WHAT IS BEING ASKED —
Practice item. Set the material below down again exactly, with no pictures.

Top of SUPPLIED MATERIAL

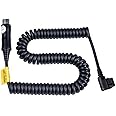 Godox PB-CX PB960 PB820 Lithium Battery Pack Power Cable for Canon 430EZ 540EZ 550EX 580EX 580EX II 600EX Flash Speedlite + CEARI Microfiber Clean Cloth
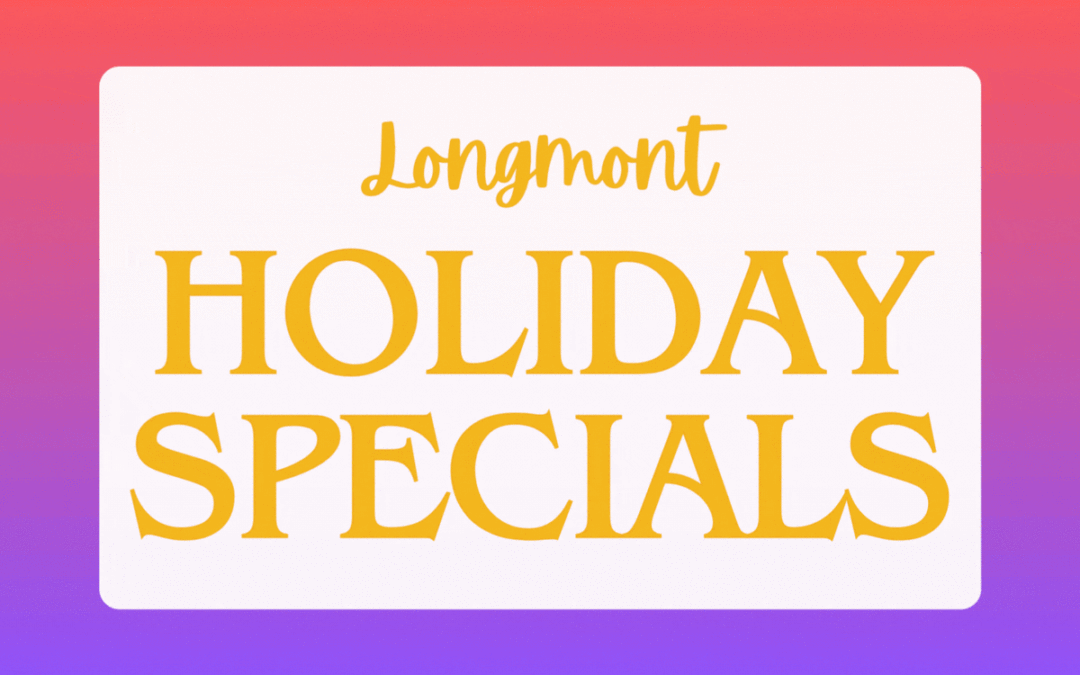 Holiday Member Specials 2024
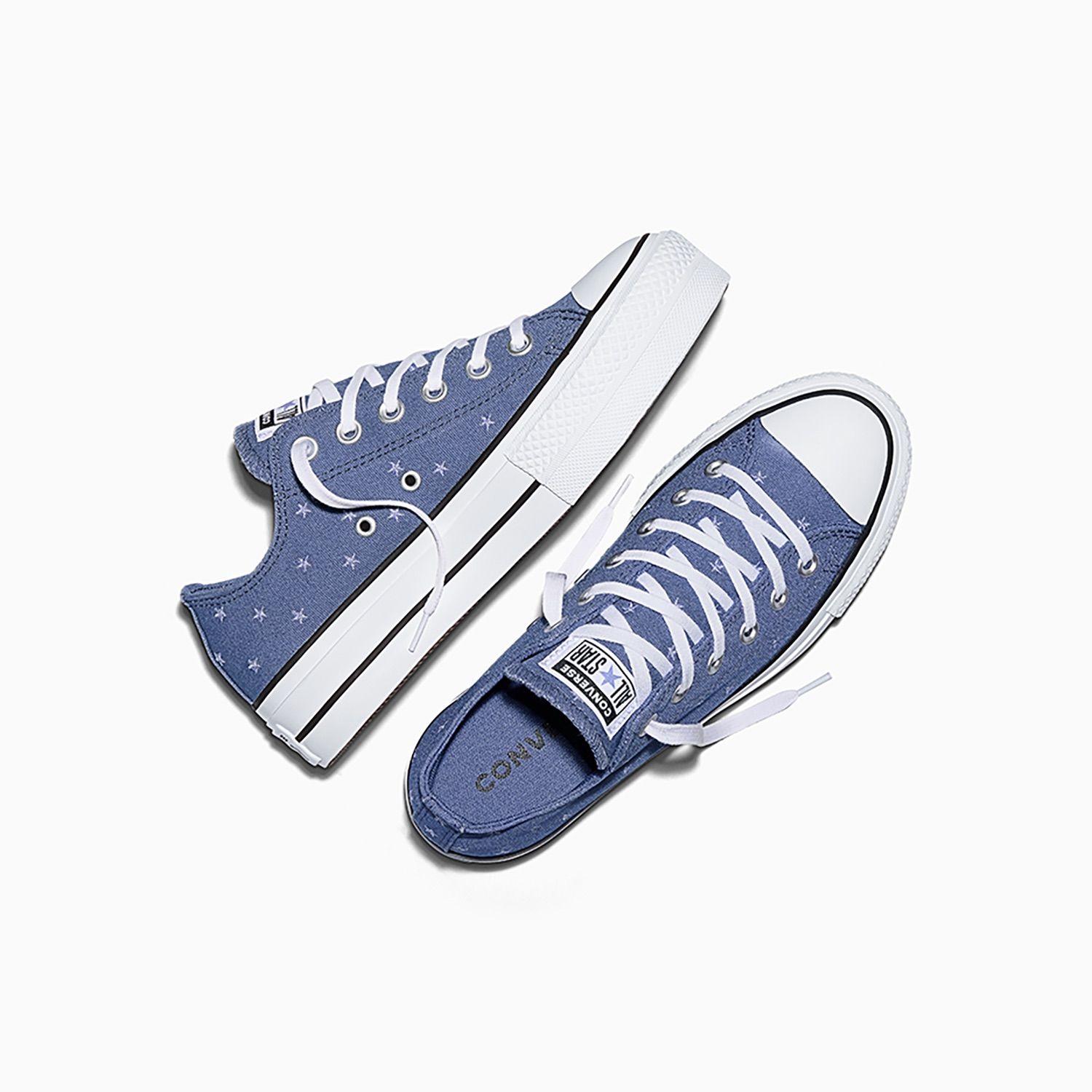 Zapatilla Converse Chuck Taylor All Star Lift Mujer Azul-2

Bottom of SUPPLIED MATERIAL

ANSWER TO THIS EXERCISE —
 Godox PB-CX PB960 PB820 Lithium Battery Pack Power Cable for Canon 430EZ 540EZ 550EX 580EX 580EX II 600EX Flash Speedlite + CEARI Microfiber Clean Cloth
 Holiday Member Specials 2024
 Zapatilla Converse Chuck Taylor All Star Lift Mujer Azul-2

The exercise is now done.